DATA SUPPLIED:
+ + + +
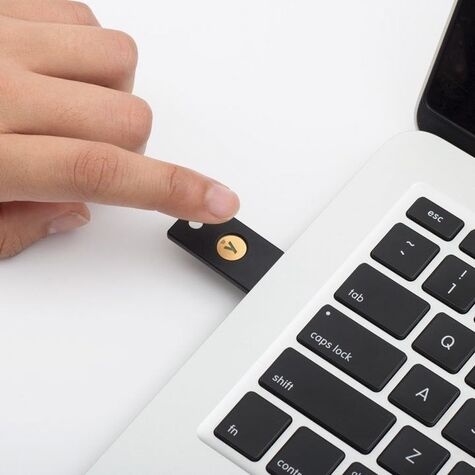YUBICO YubiKey 5 NFC - Beveiligingssleutel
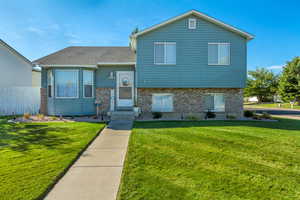 View of front of home featuring a front yard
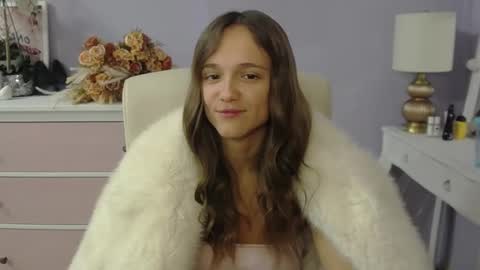 Emilly online show from November 26, 8:04 am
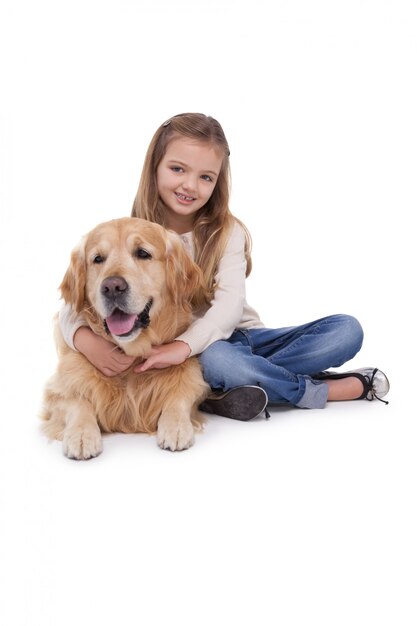 Niña feliz con su perro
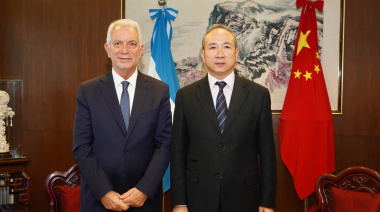 Alak se reunió con el embajador de China para potenciar la producción frutihortícola de La Plata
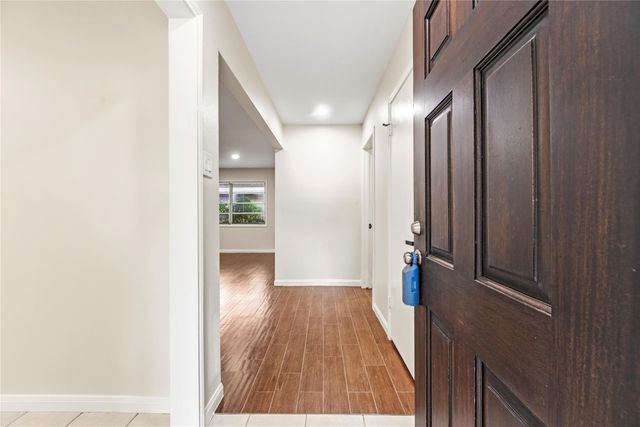 6110 Shadow Crest Street, Houston, TX 77074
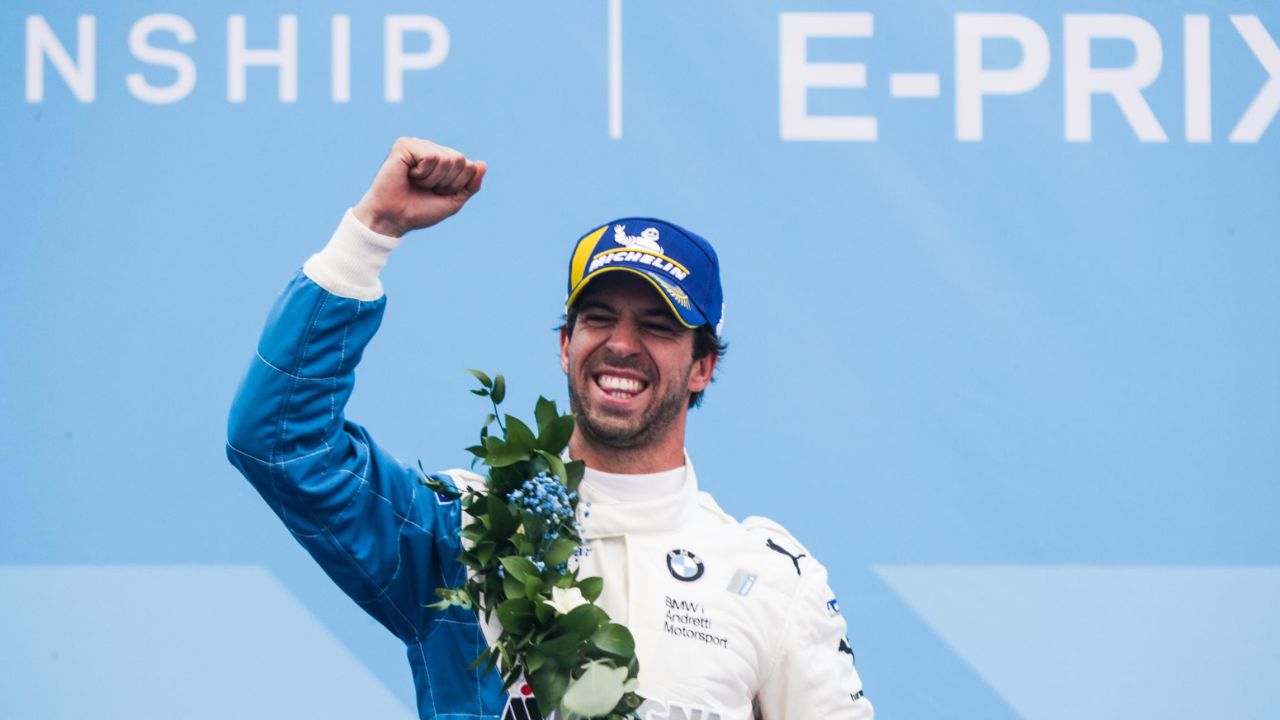 AD DIRIYAH, SAUDI ARABIA - DECEMBER 15: Antonio Felix da Costa (PRT), BMW I Andretti Motorsports, BMW iFE.18, wins the race during the Formula E Championship Ad Diriyah E-Prix on December 15, 2018 in Ad Diriyah, Saudi Arabia. (Photo by  Malcom Griffiths/Handout/Getty Images)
+ + + +
EXERCISE DESCRIPTION:
Return exactly the lines of the data, beginning with the first and ending with the line containing "6110 Shadow Crest Street, Houston, TX 77074". Skip the pictures.

RESPONSE BELOW:
YUBICO YubiKey 5 NFC - Beveiligingssleutel
 View of front of home featuring a front yard
 Emilly online show from November 26, 8:04 am
 Niña feliz con su perro
 Alak se reunió con el embajador de China para potenciar la producción frutihortícola de La Plata
 6110 Shadow Crest Street, Houston, TX 77074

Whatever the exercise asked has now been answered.